═══ Stored data ═══
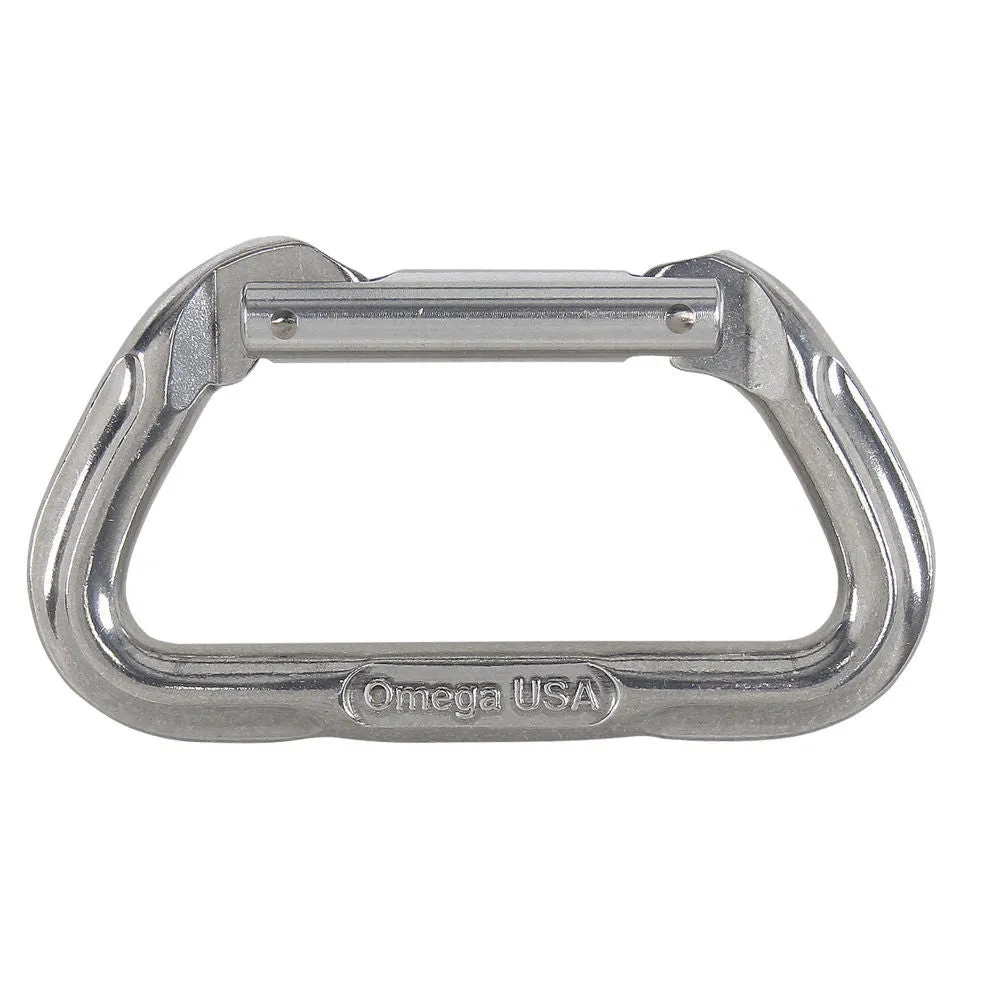 Omega Standard D Carabiner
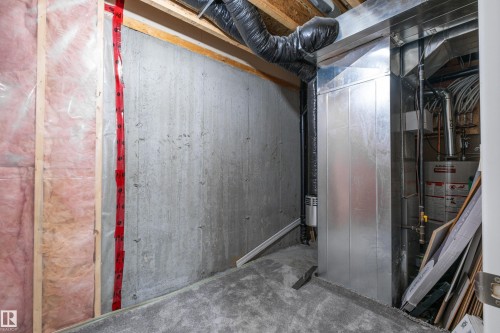 #12 320 Spruce Ridge Rd, Spruce Grove, AB - Indoor Photo Showing Basement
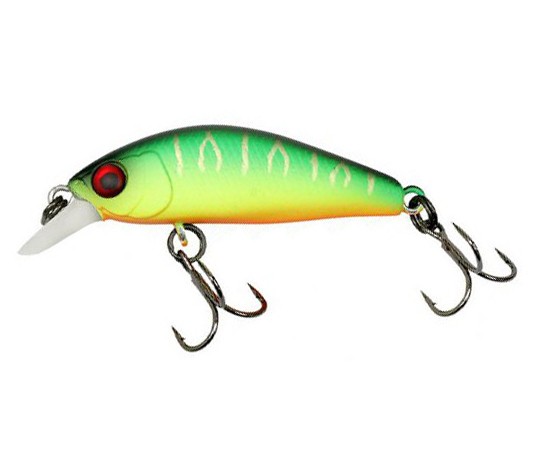 Воблер Jackall Chubby minnow 35 2,3гр matt tiger - фото 1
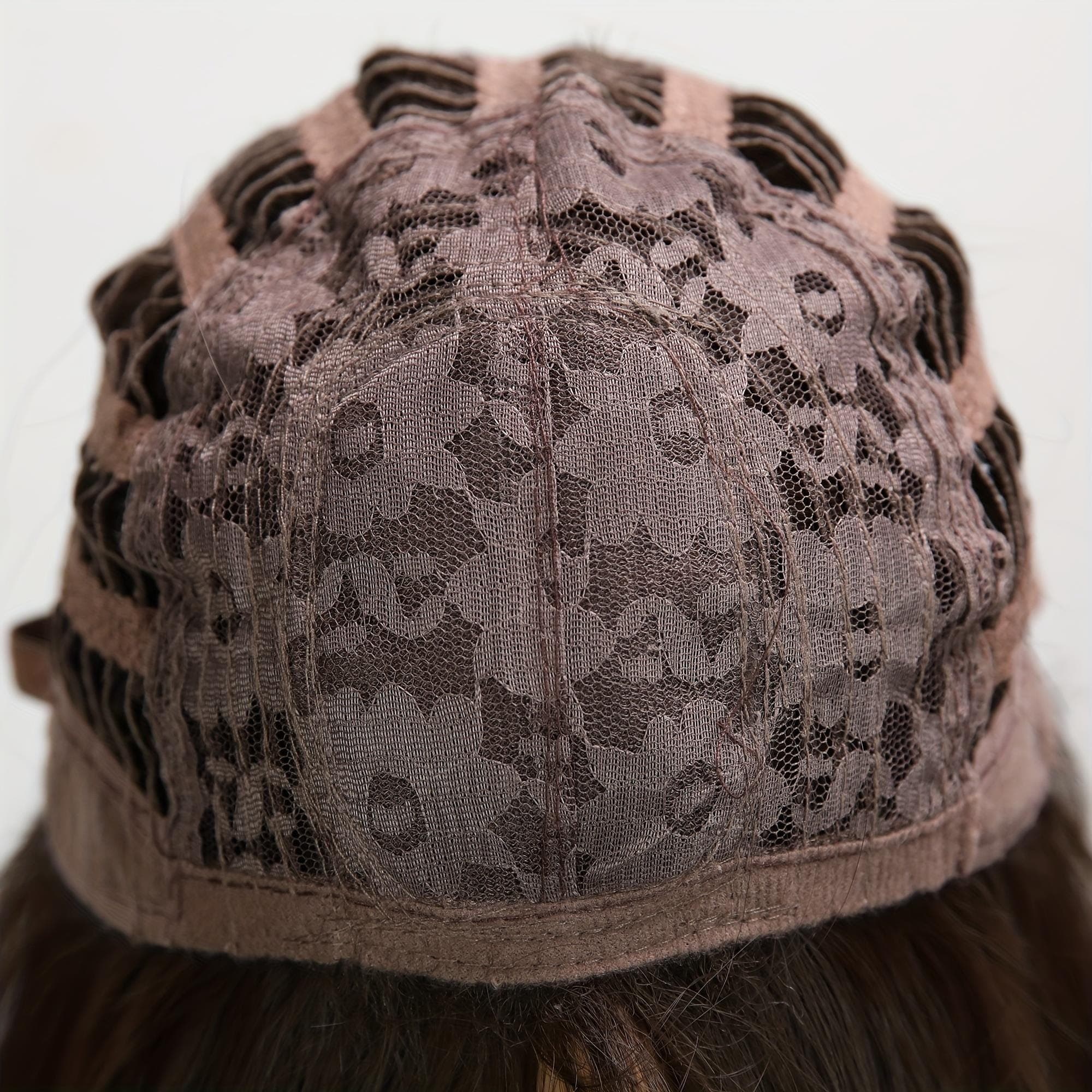 Short Brown Wig with bangs 12 inches!! - Thumbnail 8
═══
◆ Exercise goal: Leave the pictures out and transcribe the remaining material exactly.

◆ Output:
 Omega Standard D Carabiner
 #12 320 Spruce Ridge Rd, Spruce Grove, AB - Indoor Photo Showing Basement
 Воблер Jackall Chubby minnow 35 2,3гр matt tiger - фото 1
 Short Brown Wig with bangs 12 inches!! - Thumbnail 8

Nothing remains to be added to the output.